= Kenneth E. Stager =

American ornithologist

Kenneth E. Stager (January 28, 1915 in Uniontown, Pennsylvania – May 13, 2009 in West Los Angeles) was an American ornithologist who served as a curator at the Natural History Museum of Los Angeles County.

==Clipperton Island==
In 1958, Stager visited Clipperton Island and saw that the breeding colonies of brown boobies and masked boobies were being devastated by feral pigs that had been introduced to the island by earlier travelers. Appalled at the depredations visited by feral pigs upon the island's brown booby and masked booby colonies (reduced to 500 and 150 birds, respectively), Stager procured a shotgun and removed all 58 pigs.
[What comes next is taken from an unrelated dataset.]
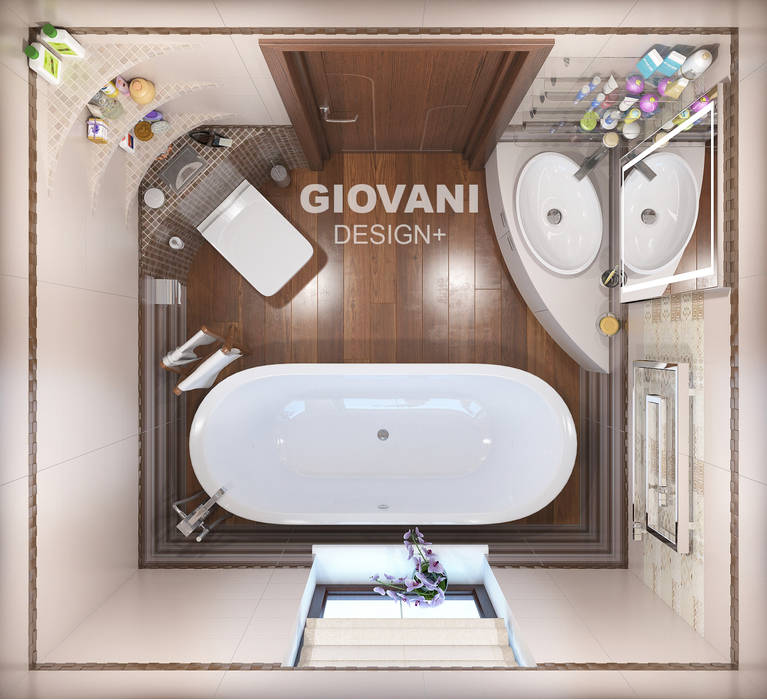 Мастер - ванная комната Giovani Design Studio Ванная комната в стиле минимализм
By 2003, the colonies numbered 25,000 brown boobies and 112,000 masked boobies, the world's second-largest brown booby colony and largest masked booby colony.
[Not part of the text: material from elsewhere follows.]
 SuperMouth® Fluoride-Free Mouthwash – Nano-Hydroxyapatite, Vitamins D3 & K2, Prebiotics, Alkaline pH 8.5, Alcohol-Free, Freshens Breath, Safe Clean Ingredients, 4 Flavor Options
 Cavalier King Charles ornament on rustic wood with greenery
However, according to author J. M. Skaggs, Stager's expedition arrived outside the nesting season, and apparently did not take into account the seasonal variations in seabird populations present on the island. With no personal experience or scientific measurements, they relied merely upon earlier, non-scientific accounts citing "millions of birds" and the current paucity of resident specimens to arrive at the opinion that the bird population had been devastated by the feral pigs. Without the pigs to keep them in check, land crab (Johngarthia planata) populations surged, devastating the island's vegetation.

Stager's actions served to inspire the creation of a biodiversity conservation NGO called Island Conservation, which has as a mission to prevent extinctions by removing invasive species from islands.